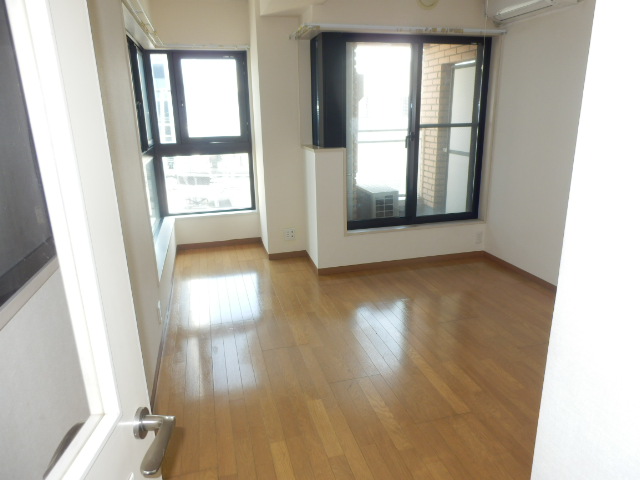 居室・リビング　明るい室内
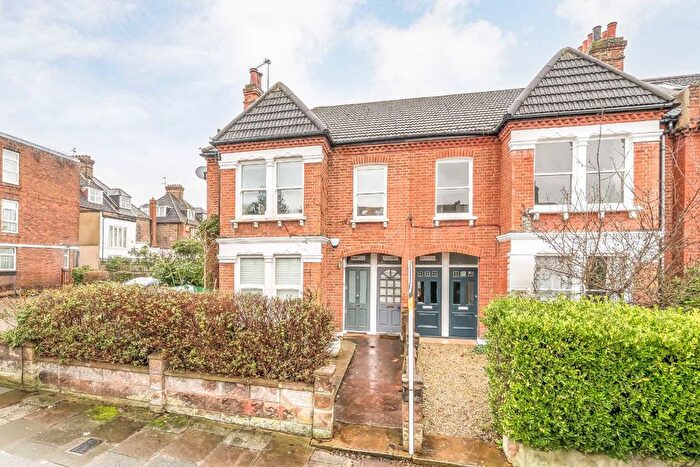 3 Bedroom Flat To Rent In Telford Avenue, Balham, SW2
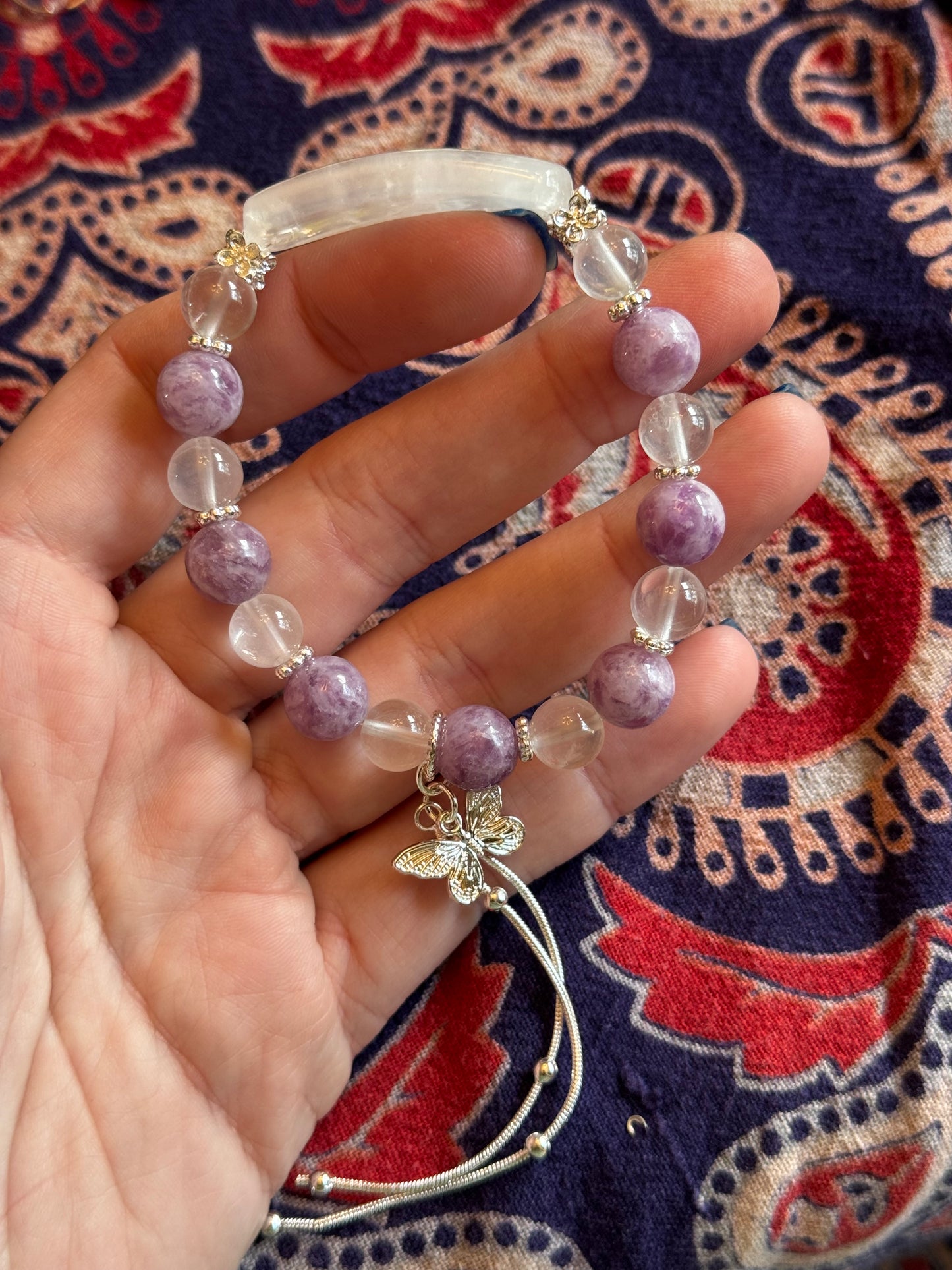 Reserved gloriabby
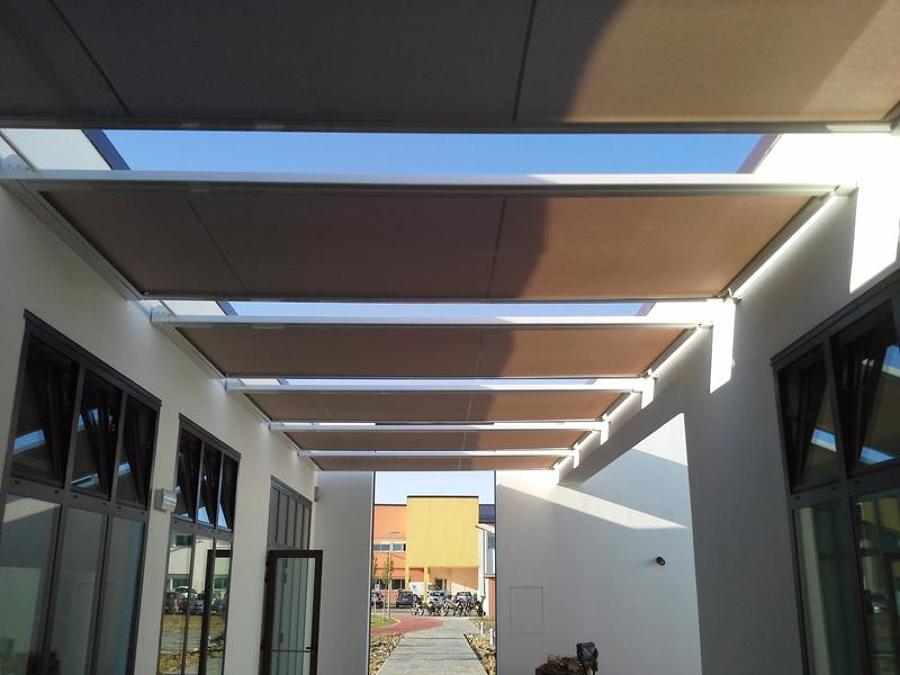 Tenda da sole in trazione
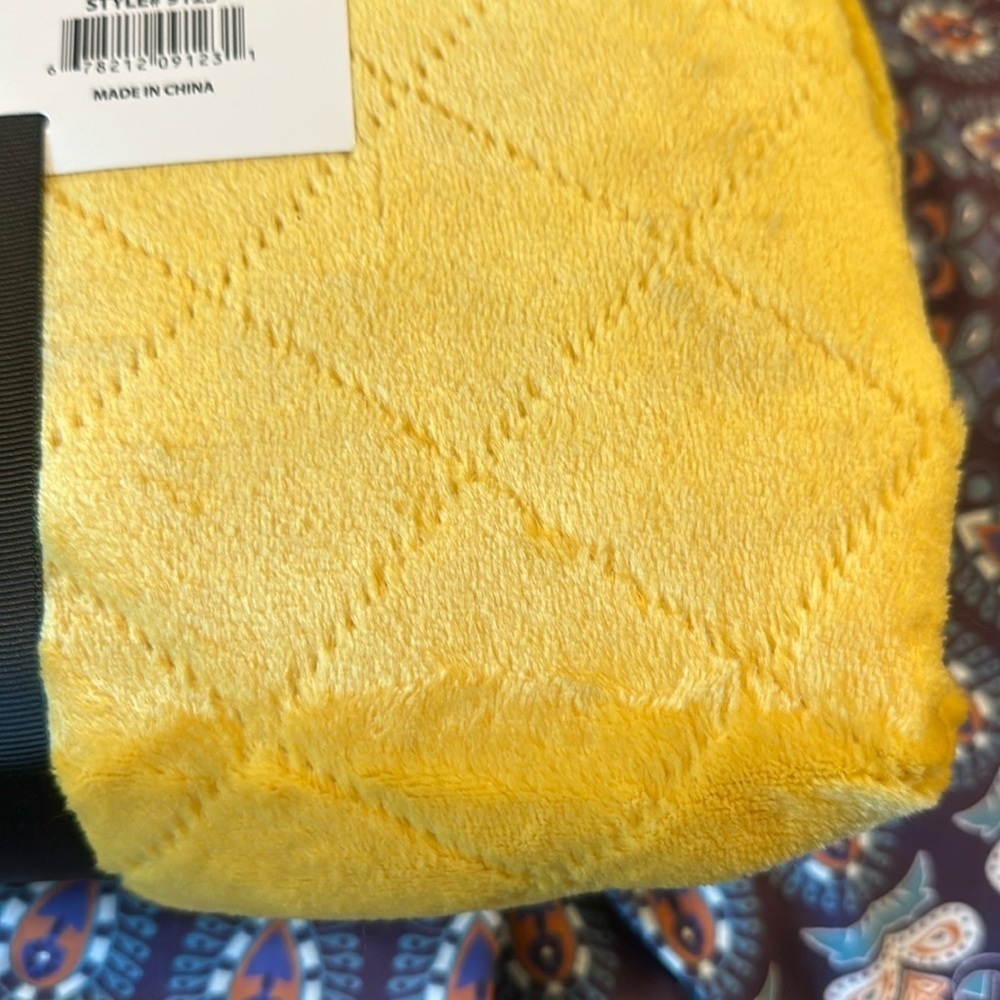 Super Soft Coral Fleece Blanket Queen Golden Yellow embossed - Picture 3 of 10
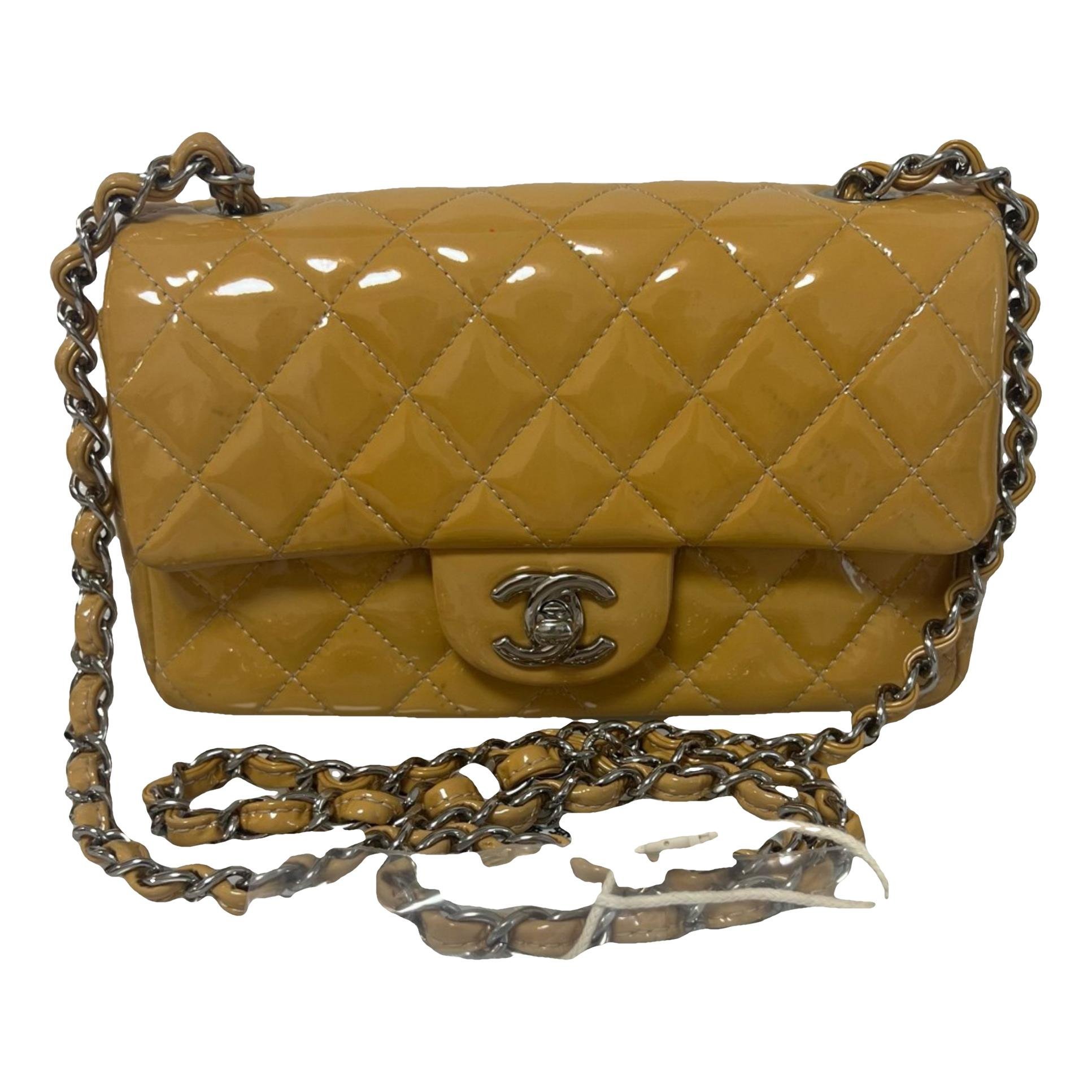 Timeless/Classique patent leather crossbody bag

## TASK GOAL
Beginning with the line that holds "Reserved gloriabby", output each line to the end of the material above, exactly, omitting the pictures.

## ANSWER TO THE PROBLEM
 Reserved gloriabby
 Tenda da sole in trazione
 Super Soft Coral Fleece Blanket Queen Golden Yellow embossed - Picture 3 of 10
 Timeless/Classique patent leather crossbody bag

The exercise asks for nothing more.